Exercise description
Can you copy out the data exactly? Leave the images out.

Data segment
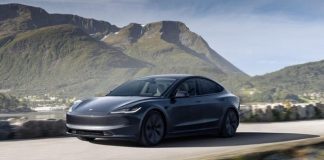 Tesla Model 3 Delivered Without Weatherstripping on Driver's Side Door: Normal, Says Tesla Fans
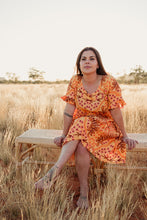 Load image into Gallery viewer, Lumbu - Small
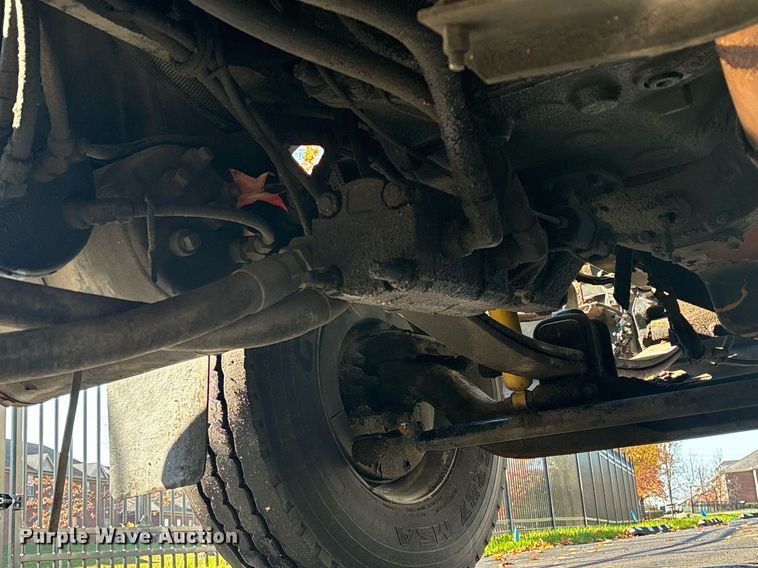 image for item EM0006 2006 Kenworth T300 feed delivery truck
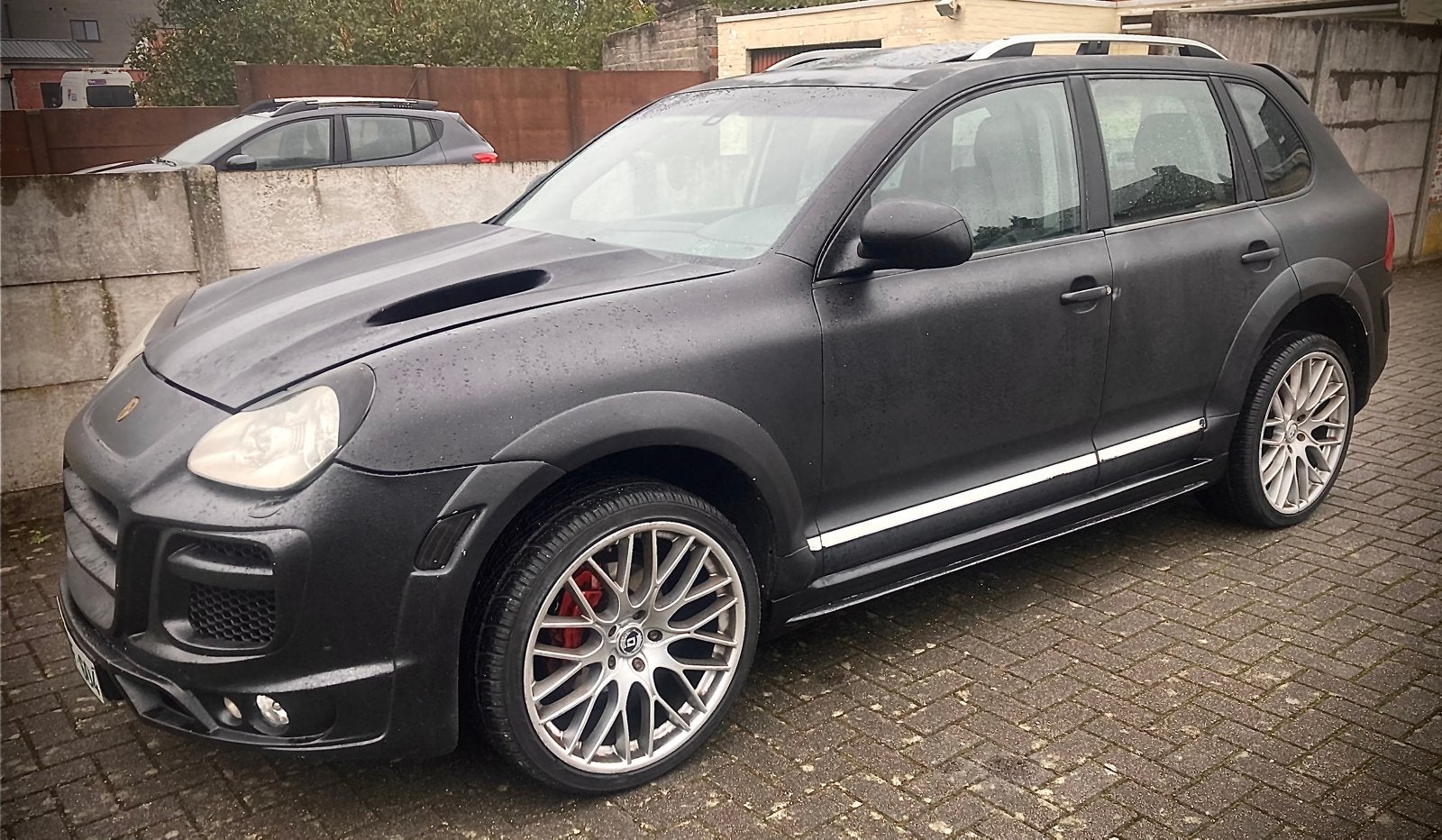 Porsche Cayenne 3.2i v6 Wife body 188000km, Auto's, Automaat, Cayenne, Zwart, Xenon verlichting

Task output
 Tesla Model 3 Delivered Without Weatherstripping on Driver's Side Door: Normal, Says Tesla Fans
 Load image into Gallery viewer, Lumbu - Small
 image for item EM0006 2006 Kenworth T300 feed delivery truck
 Porsche Cayenne 3.2i v6 Wife body 188000km, Auto's, Automaat, Cayenne, Zwart, Xenon verlichting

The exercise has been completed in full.